Comme expliquez-vous cette mise à l’écart en début de saison?
Je ne figurais même pas sur les feuilles de match. Le club avait décidé de prendre une autre direction avec 18 arrivées. Avec d’autres, j’ai fait les frais de l’opération. Le club a peut-être pensé que je n’avais pas le niveau pour la Ligue 1.
Comment Hadzibegic a fait pour relancer une équipe à la dérive?
Il fallait piquer l’homme. On ne faisait plus l’effort pour le copain.
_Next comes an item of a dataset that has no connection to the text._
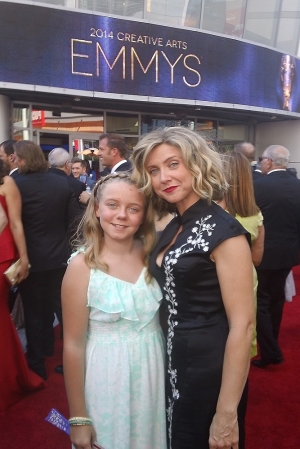 Alumna Cara Sullivan and her look-alike 11-year-old daughter Rachel stand in front of the Emmy Awards sign.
Je ne dis pas qu’il faut qu’on s’aime tous, mais il faut du respect entre nous. Quand on décide de défendre en bloc, il faut que ça parte de l’avant-centre au gardien de but. Quand il n’y a pas schéma de jeu clair, il y a toujours des petits malins qui essayent d’en profiter pour faire moins d’efforts. Et on l’a payé cash en début de saison.
L’équipe était-elle proche de lâcher?
J’ai senti qu’on n’était pas loin de partir en vrille entre toutes les arrivées de l’été et le vrai-faux départ de Michel Estevan (NDLR: l’entraîneur de la montée). Maintenant quand on prend un but, on se redresse les manches et on repart de l’avant.
Existait-il un problème de communication entre les nouveaux et les joueurs comme vous qui avaient permis au club d’accéder à la Ligue 1?
Il y a déjà un truc très con. Dans un club français, on doit parler en français. C’est au joueur qui arrive de s’adapter et parler un minimum la langue. Quand je jouais à l’étranger, je n’allais pas parler en français avec mes partenaires. Certains nouveaux n’ont pas fait les efforts. Et puis on ne les a pas forcés non plus. Le club a eu tendance à les mettre au-dessus de nous. Il fallait que tout le monde se remette en question, mais surtouts les nouveaux. C’est eux qui sont arrivés avec des meilleurs salaires. Les conditions n’étaient pas réunies pour qu’anciens et nouveaux puissent bien s’entendre au début
Est-ce que ce début de saison ratée, ne va-t-il pas être rédhibitoire en vue du maintien?
On y croit. On a perdu mais on voit que le championnat n’est pas lancé. Le 5e n’est jamais qu’à 12 points de nous. Tout est possible. De toute façon, on ne pourra pas être plus mauvais qu’en début de saison. Il va falloir faire très attention à nous, Arles-Avignon est une bête blessée.
Dimanche, vous affrontez Bordeaux un de vos anciens clubs…
Bordeaux, c’est toujours spécial pour moi, c’est le club de mes débuts pros et celui avec qui j’ai été champion de France en 1999. Quand je retrouve les Girondins, je repense toujours à tous ces bons moments.